African Equities: Promising Times
Having lagged much of the global rally that kicked off in March 2009, Sub-Saharan African equity markets are at long last beginning to perk up. Interestingly, the major markets are also moving with a much greater degree of correlation than in previous years, suggesting that they are creeping onto the collective radar of international investors.
On one hand, this interest is underpinned by a solid macro story: BMI forecasts real GDP growth of 5.3% in Sub-Saharan Africa versus just 0.9% in the Eurozone and 1.8% across developed states. An equally important consideration, however, is valuation. The benchmark Nigeria Stock Exchange Index, for example, is trading at trailing P/E of 13.7, which compares favourably with 18.7 for the South African JALSH. A number of local Nigerian blue chips, meanwhile, are trading at price book ratios of just 1.0-1.5 – an attractive proposition, given their potential.

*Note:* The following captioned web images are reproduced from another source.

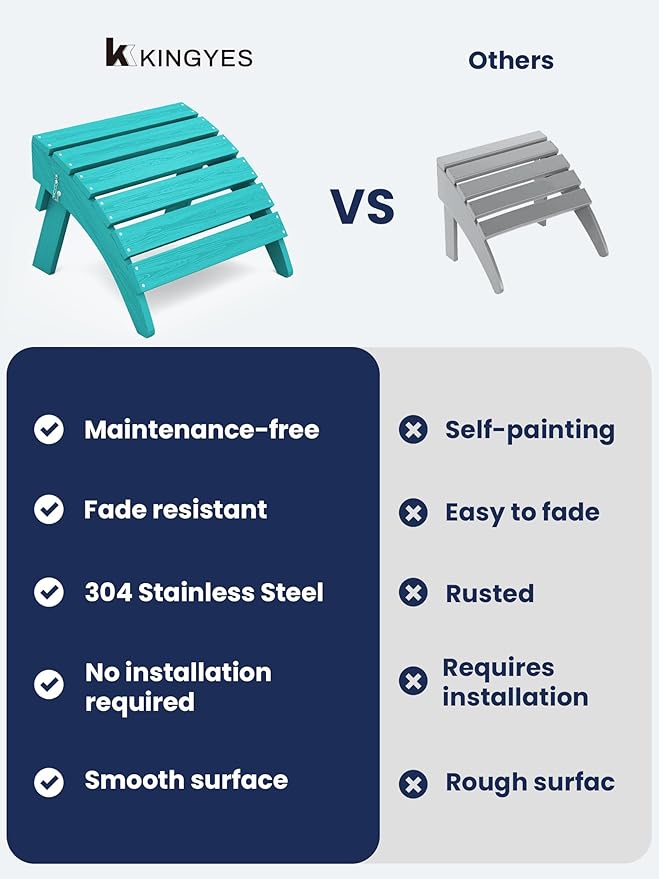 KINGYES Folding Adirondack Ottoman for Adirondack Chair, Aruba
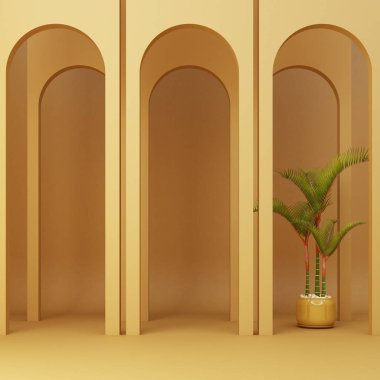 Minimalist, bitkili sarı kemer. 3d oluşturma 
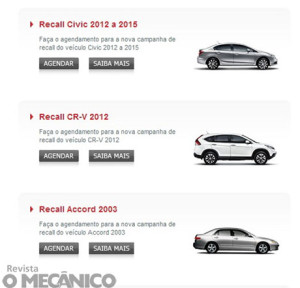 Honda anuncia recall do airbag dos modelos Accord, Civic e CR-V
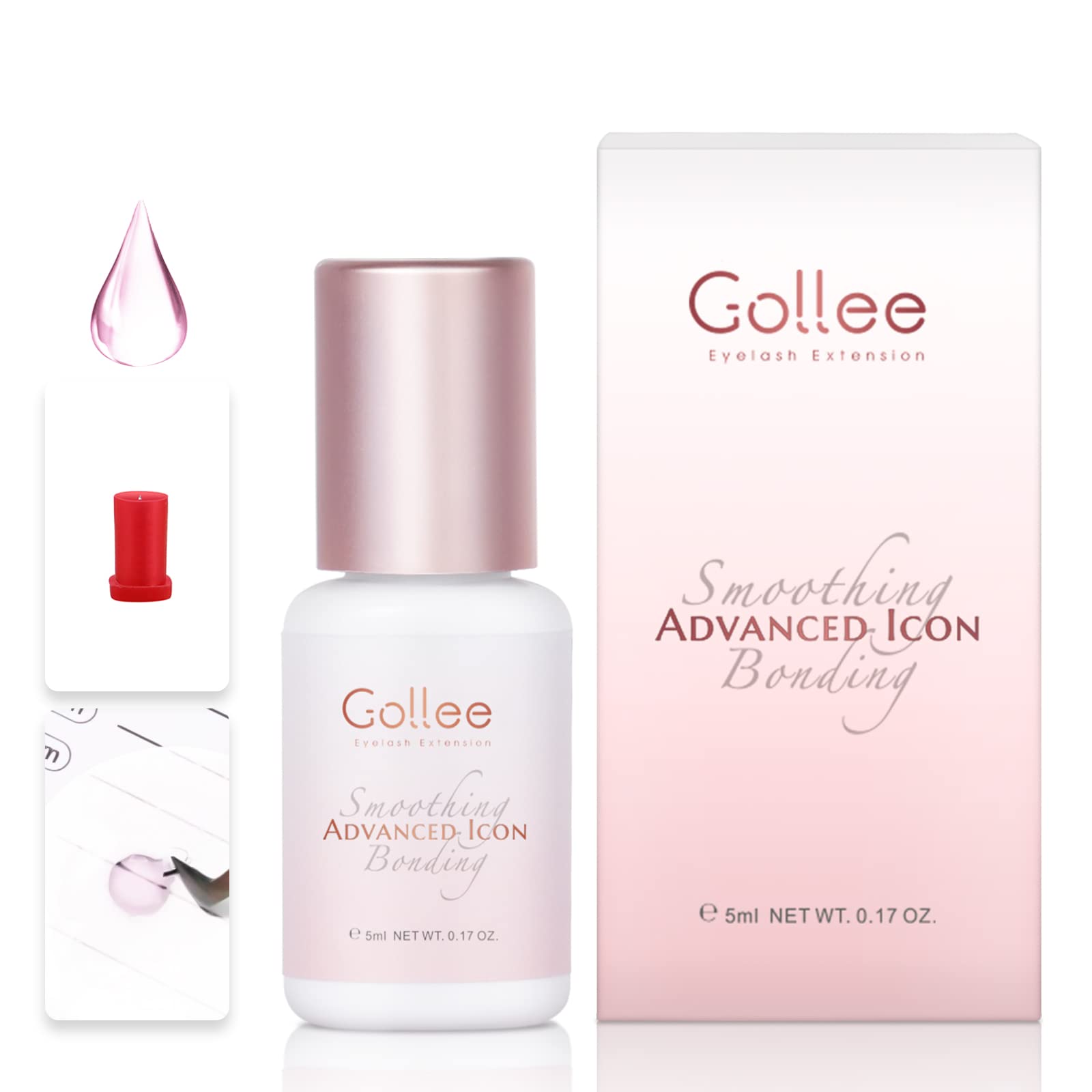 GOLLEE Pegamento Pestañas Postizas Pegamento Extensiones de Pestañas Pelo a Pelo Transparencia Rosa Profesional Pegamento para Pestañas (0,17 fl.oz / 5 ml) / 1-2 Segundos/Retención 5-6 Semanas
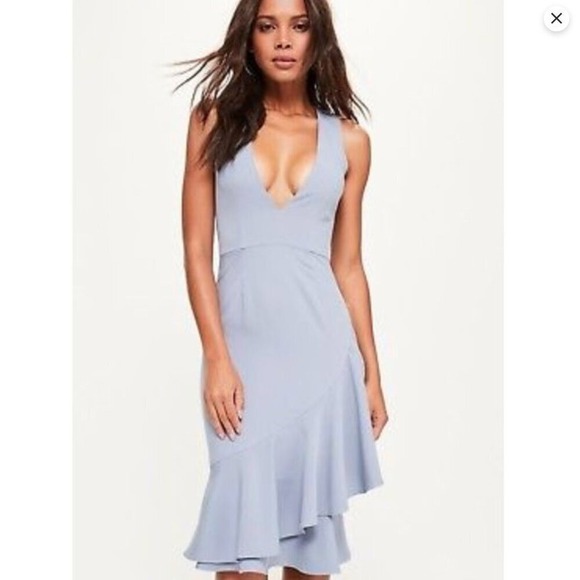 NWT Missguided Crepe Blue Gray Sleeveless Midi Cocktail Dress Ruffle Hem  Sz 2 - Picture 3 of 10
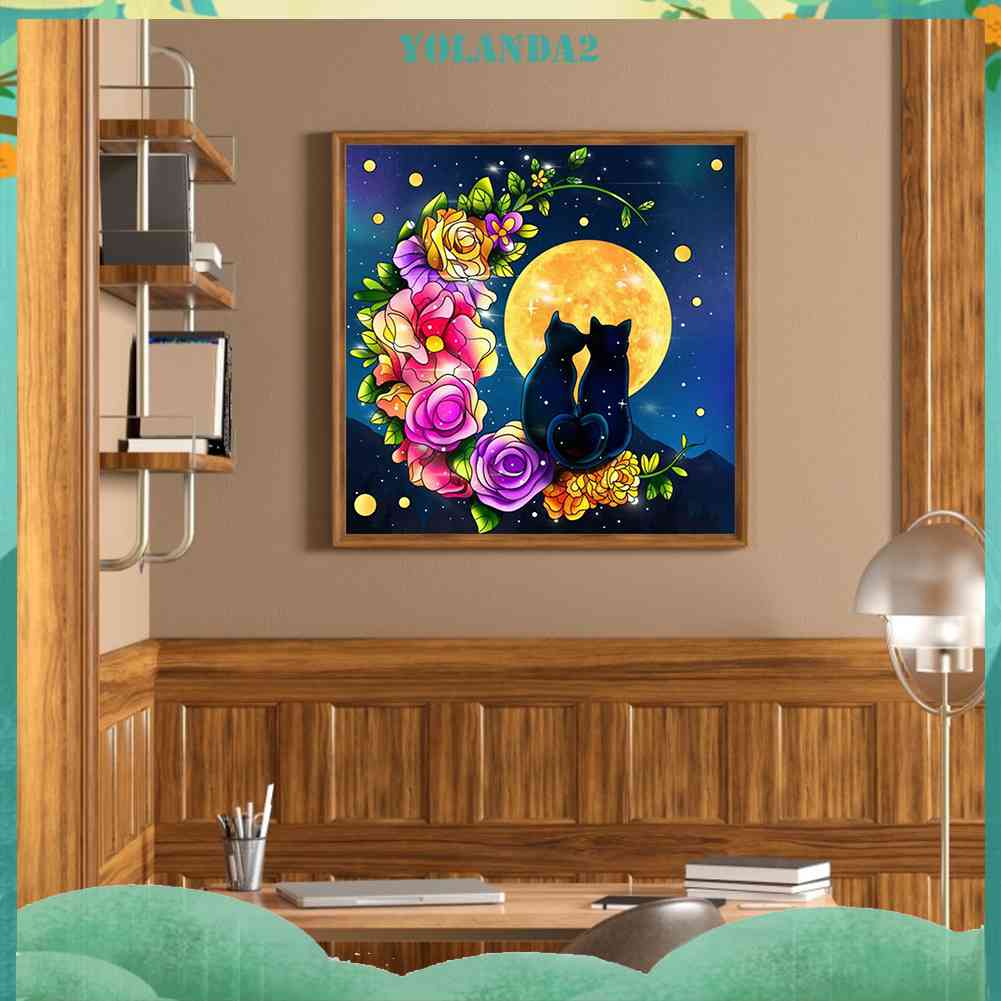 Tranh Đính Đá Kim Cương Toàn Bộ 5D DIY Hình Vẽ Mèo Trang Trí Nhà Cửa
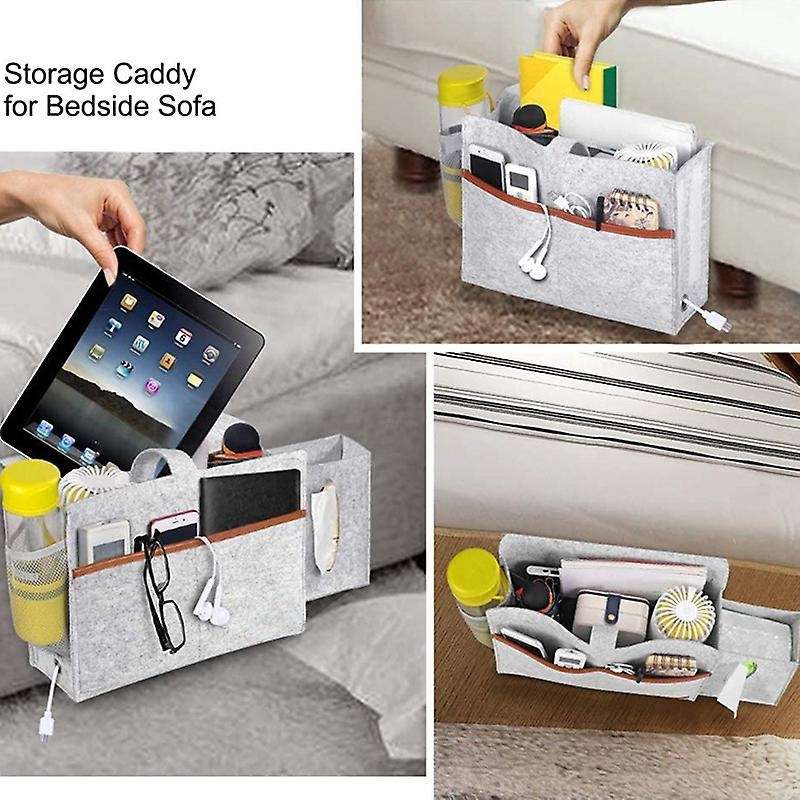 Bedside Organizer, Felt Bed Storage Caddy with Tissue Box,light Gray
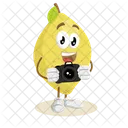 Mascota Del Logotipo De Limon Con Pose De Camara Icono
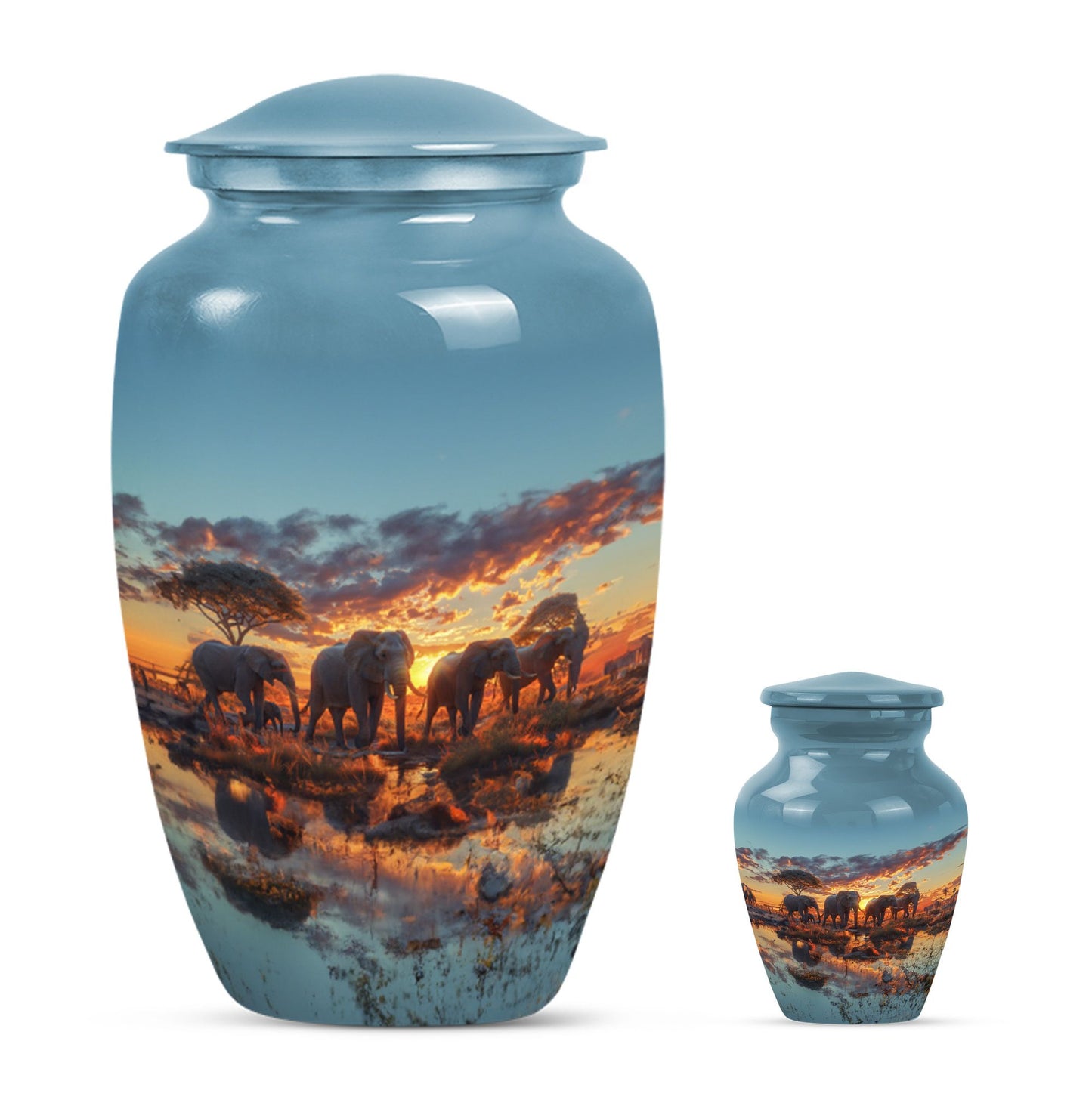 Personalized Elephant Cremation Urn for Human Ashes - 10-inch, 200 cu in - Yatskia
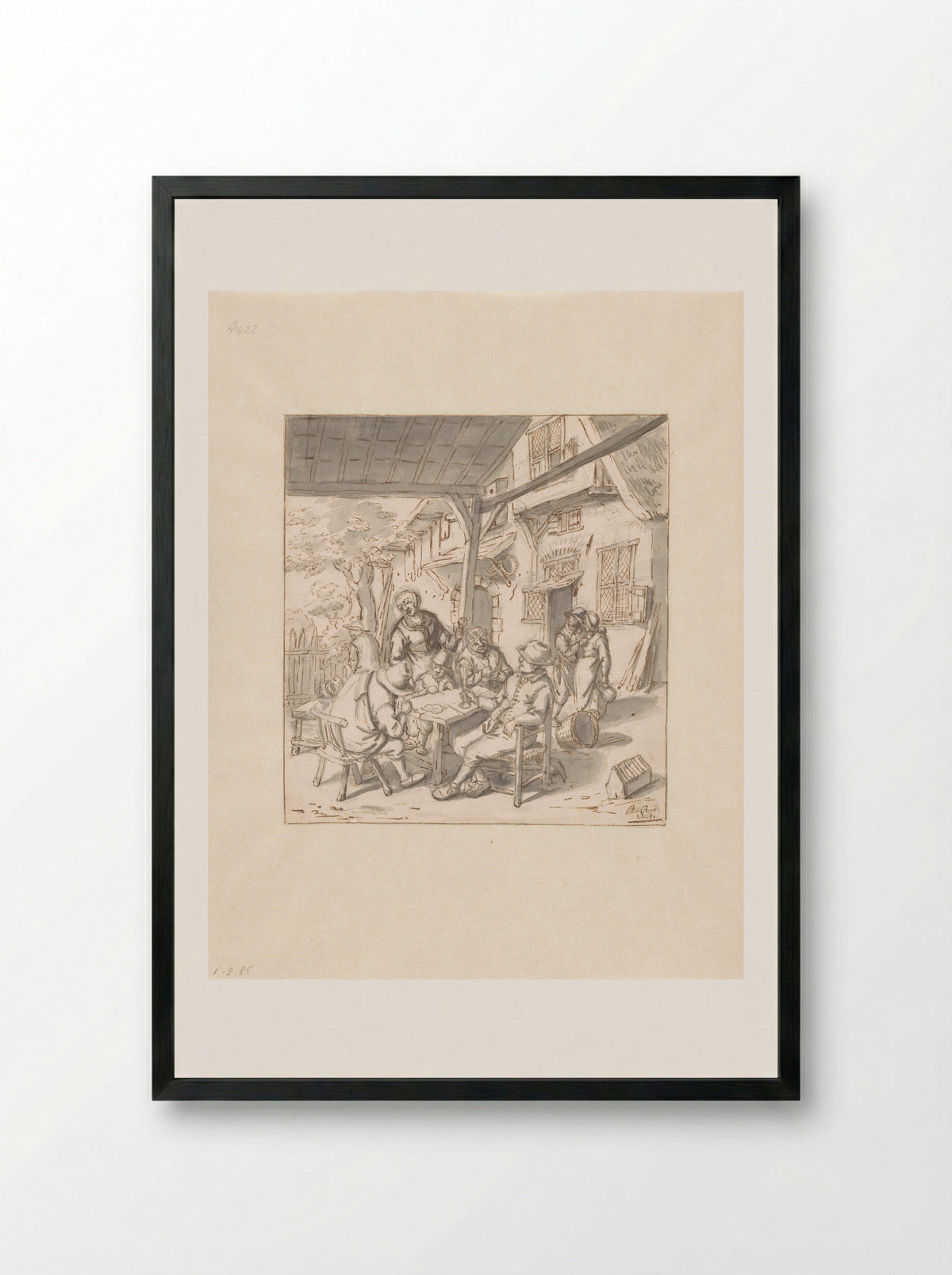 Boerenherberg - Johannes de Groot - Framed Print Black
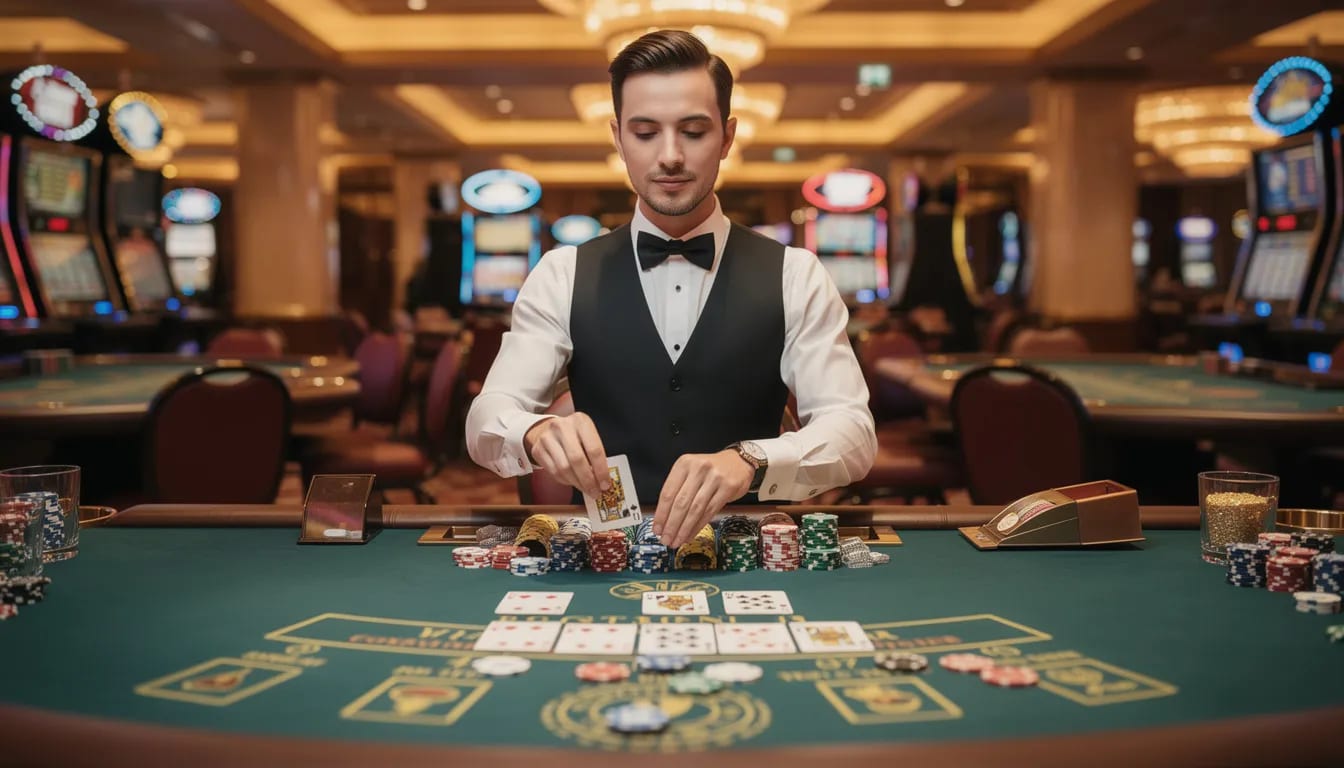Ein Live-Dealer steht an einem Casino-Tisch, umgeben von Karten und Chips, während Spieler gespannt auf ihre Einsätze warten. Diese Szene vermittelt das authentische Casino-Feeling, das man auch in modernen Online-Casinos erleben kann.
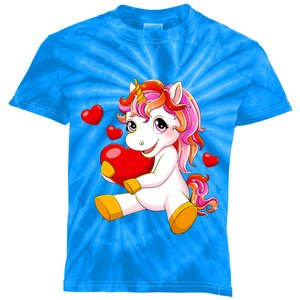 Unicorn Heart Valentines Day Cute Gift Kids Tie-Dye T-Shirt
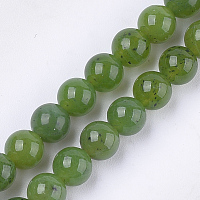 Honeyhandy Natural Canadian Jade Beads Strands, Grade A, Round, 6mm, Hole: 0.8mm, about 30~33pcs/strand, 7.6 inch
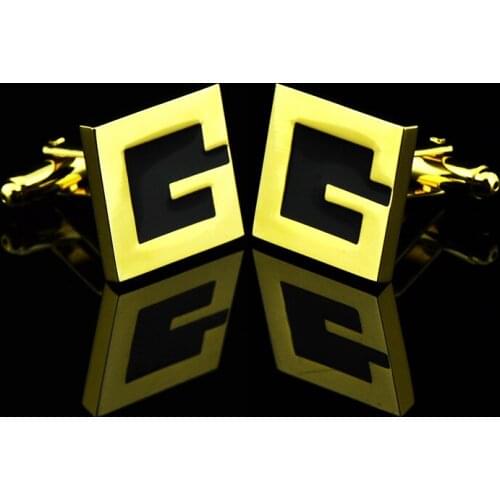 1 Pairs Letter G Mens Shirt Cufflinks Silver Cuff Links Buttons Jewelry Clothing Accessories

The picture emerging from the fixed income market, though not as uniformly positive, still contains some pockets of opportunity. The top pick here is undoubtedly longer dated bonds from Ghana, which offer nominal yields in excess of 17%, as well as the prospect of an appreciating currency. Kenya and Uganda could also prove attractive plays, especially at the long end of the curve where the government’s pump-priming have had less of an effect.